Network-privileged work moves into a dedicated daemon (working name sf-net-privexec; phase 0 picks the final name). This new daemon holds only CAP_NET_ADMIN, exposes only typed network operations, and accepts requests only from net-worker (the single mutator established by PLAN-network-facade.md). The existing sf-privexec daemon retains its non-network responsibilities (libvirt, on-disk image manipulation, qemu interactions) but drops CAP_NET_ADMIN once the split is complete. The result is two daemons each with a strictly smaller blast radius than today's combined one.

The principle is: use the stable in-process kernel API that exists in 2026, and stop forking subprocesses for work the kernel can do in one netlink syscall. The correctness and atomicity gains (transactional nft rulesets, structured error reporting, no shell-escaping hazards, no stdout-parsing) are at least as valuable as the performance gains.

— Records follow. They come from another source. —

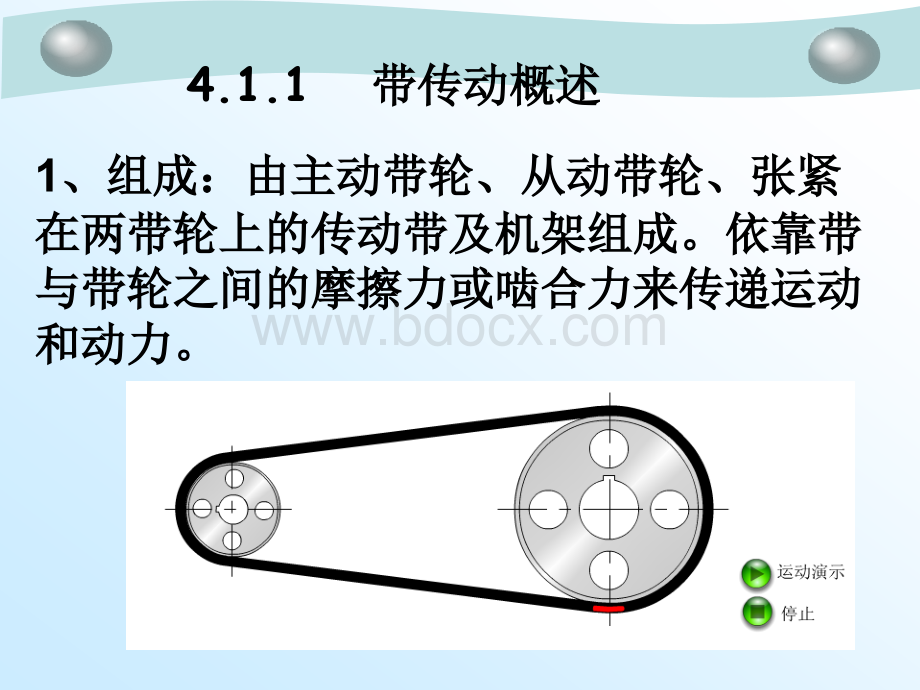 带传动.链传动PPT格式课件下载.ppt_第2页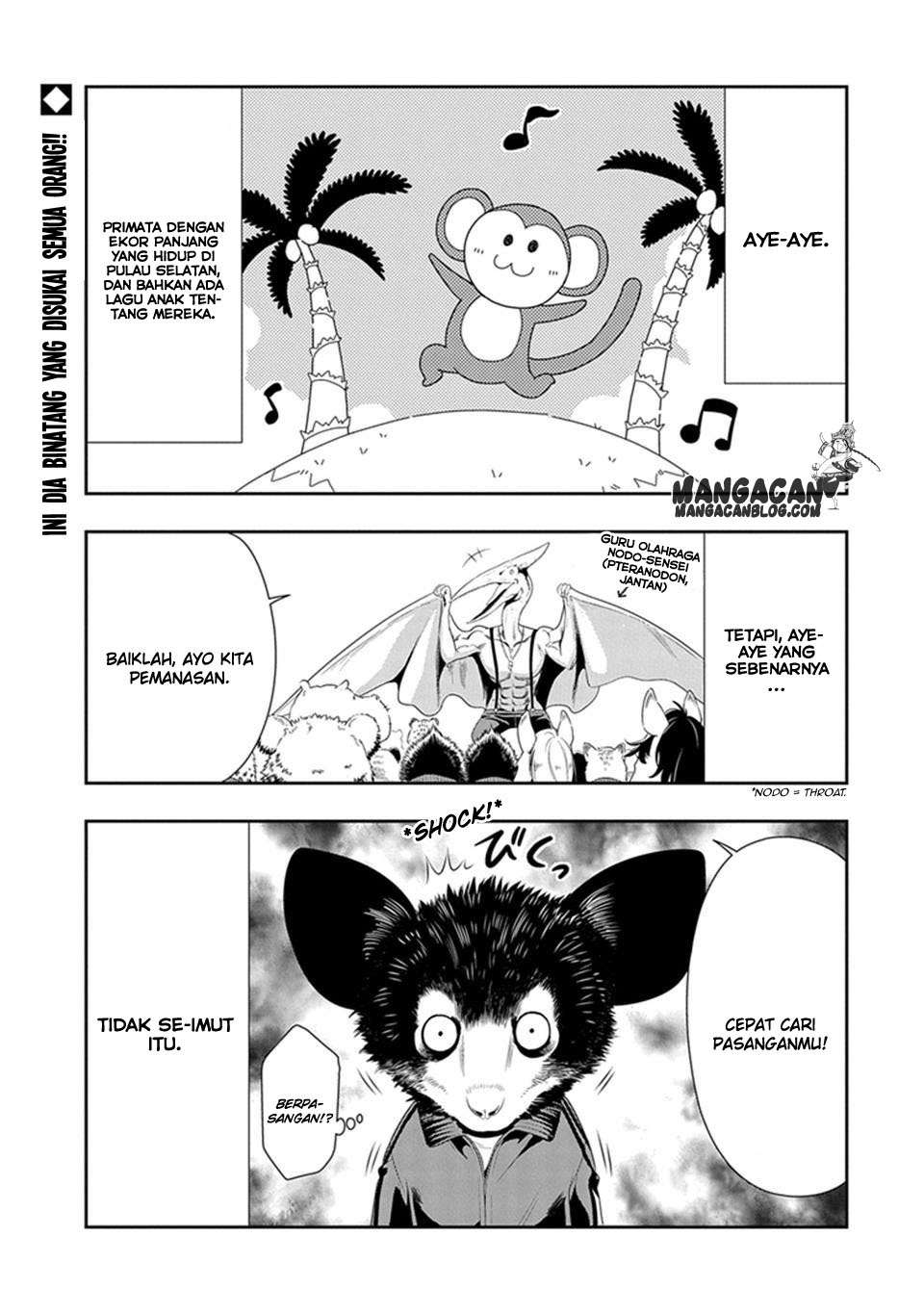 Chapter 15 - halaman 2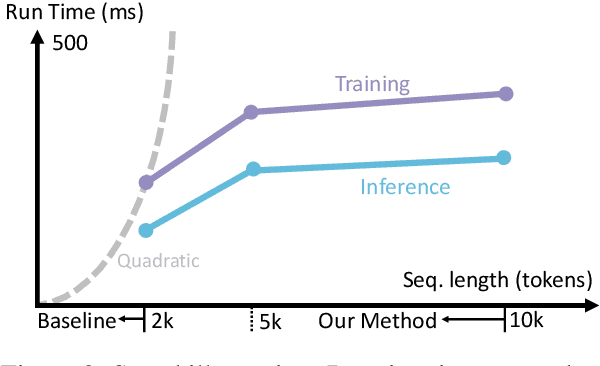 Figure 3 for Improving Retrieval Augmented Open-Domain Question-Answering with Vectorized Contexts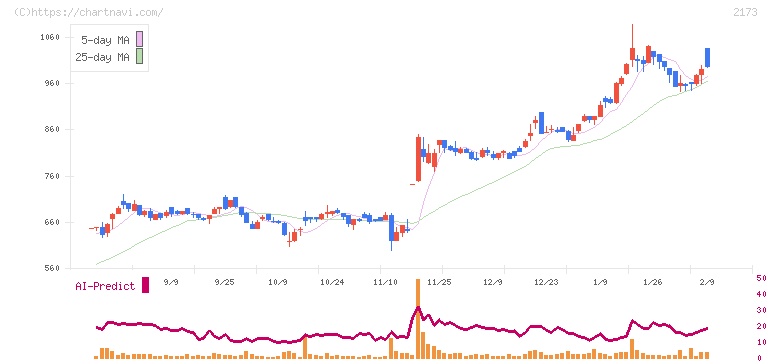 博展(2173)の日足チャート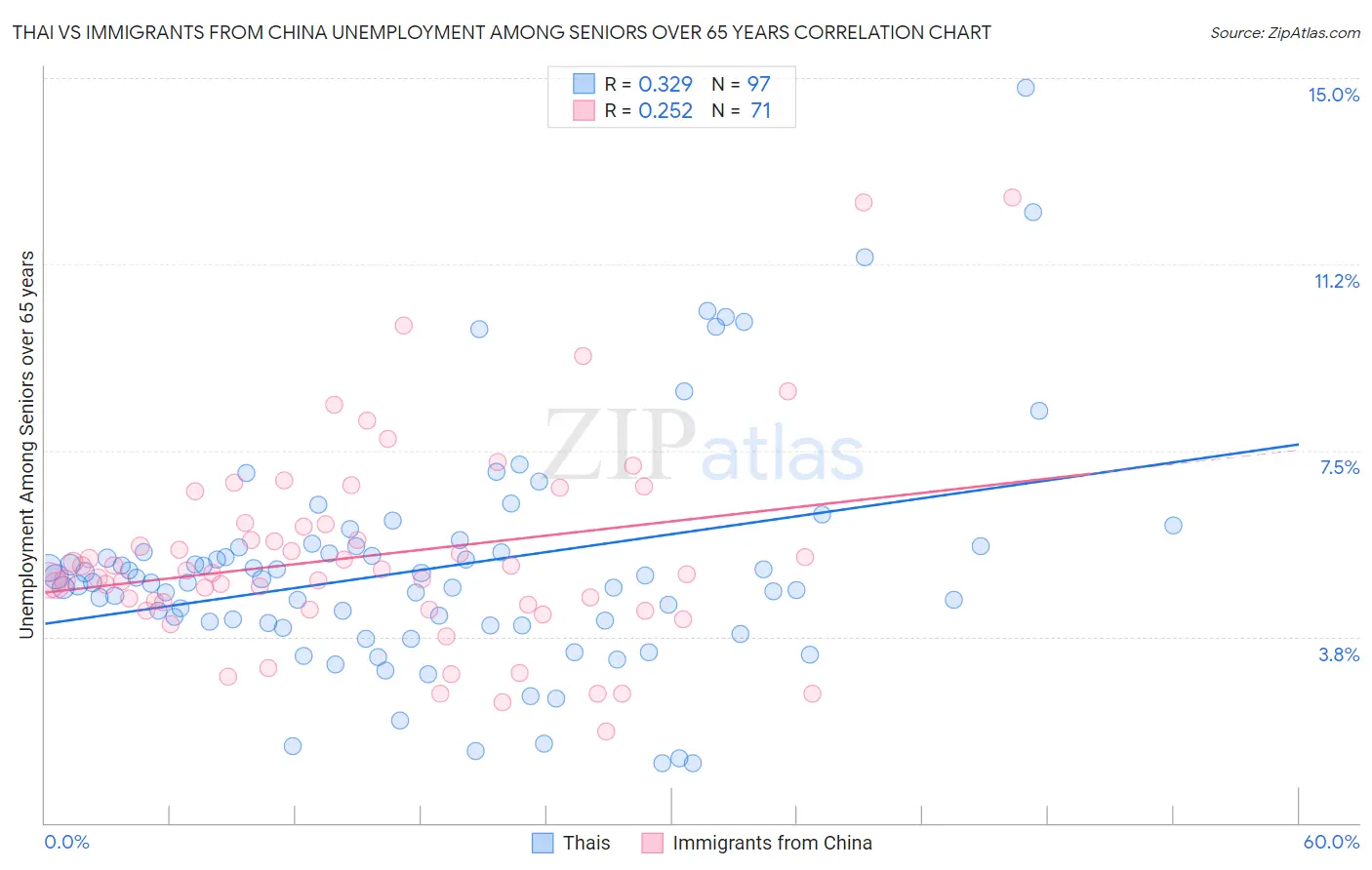 Thai vs Immigrants from China Unemployment Among Seniors over 65 years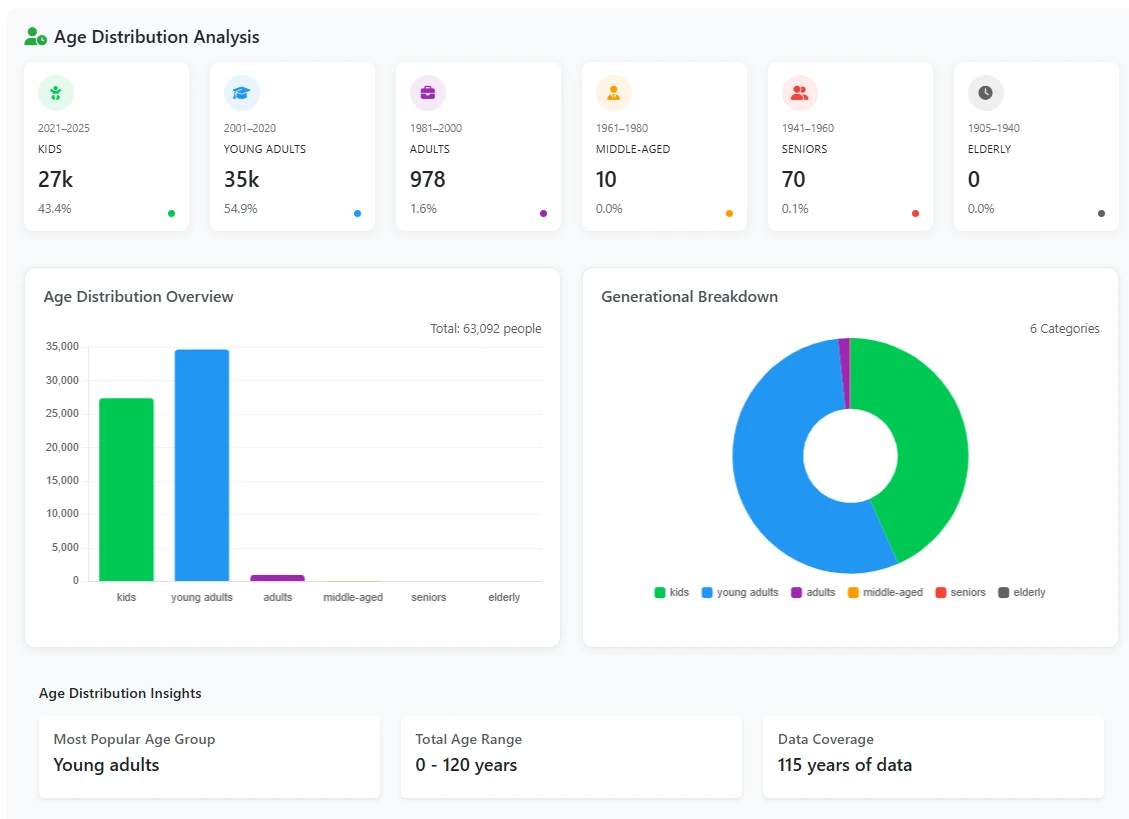 Maverick name age distribution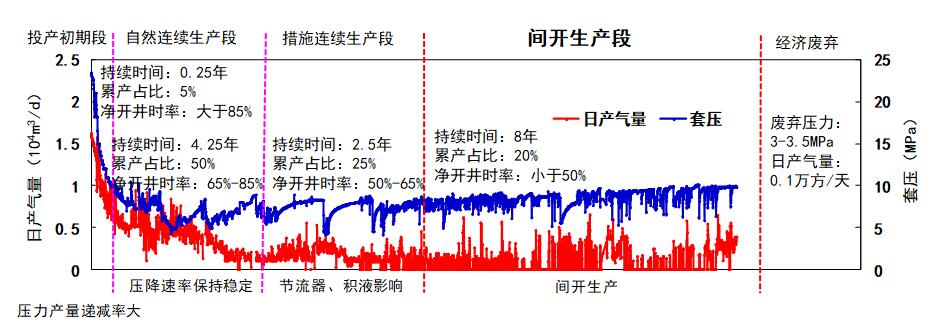 Ê×Ò³|×ðÁú¼¯ÍÅÖйú¹Ù·½ÍøÕ¾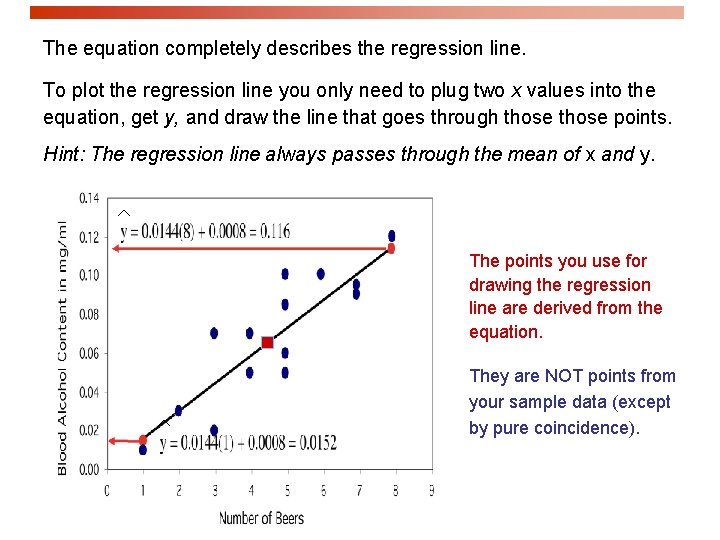 The equation completely describes the regression line. To plot the regression line you only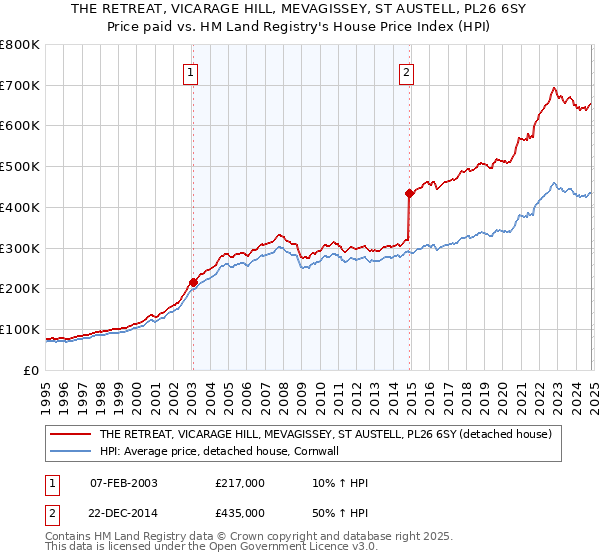 THE RETREAT, VICARAGE HILL, MEVAGISSEY, ST AUSTELL, PL26 6SY: Price paid vs HM Land Registry's House Price Index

The process-churn motivation is concrete and worth calling out separately from the correctness motivation. SF's network mutation path today is dominated by short- lived helper processes: _ensure_mesh alone forks one bridge fdb show plus one bridge fdb del/append per FDB delta, and ensure_mesh runs on every instance start on every participating hypervisor. Profiling on the network-facade branch traces a single instance start to double-digit forks of bridge/ip/iptables binaries on the hypervisor, each one paying the fork+exec+library-load tax (~5-15 ms on a warm host, more under memory pressure) and routing through sf-privexec's gRPC channel on top. The netlink replacement collapses each "one syscall per delta" exec storm into a single netlink-batch syscall and removes the privexec hop where the worker is already in-process. The cluster_ci "6 instances on 3 hypervisors" scenario should see a visible drop in per-start wall time as a result; that metric is worth capturing pre/post as part of phase 1's acceptance criteria.

Alternatives considered¶

iptables-nft compatibility shim¶

Modern distros ship iptables-nft, a compatibility binary that takes the legacy iptables CLI and translates it into nftables operations under the hood. SF could continue to exec iptables, and on a recent distro the rules would land in nftables anyway. We reject this:

It still pays the exec / fork / parse cost on every mutation.
It is still vulnerable to shell-escaping bugs if any user-controllable string ever reaches the command line.
It still cannot do transactional multi-rule commits atomically across multiple tables, because the iptables CLI does not expose that concept.
It keeps SF dependent on a CLI tool that is now itself a thin shim — moving the wrapper one layer up rather than removing it.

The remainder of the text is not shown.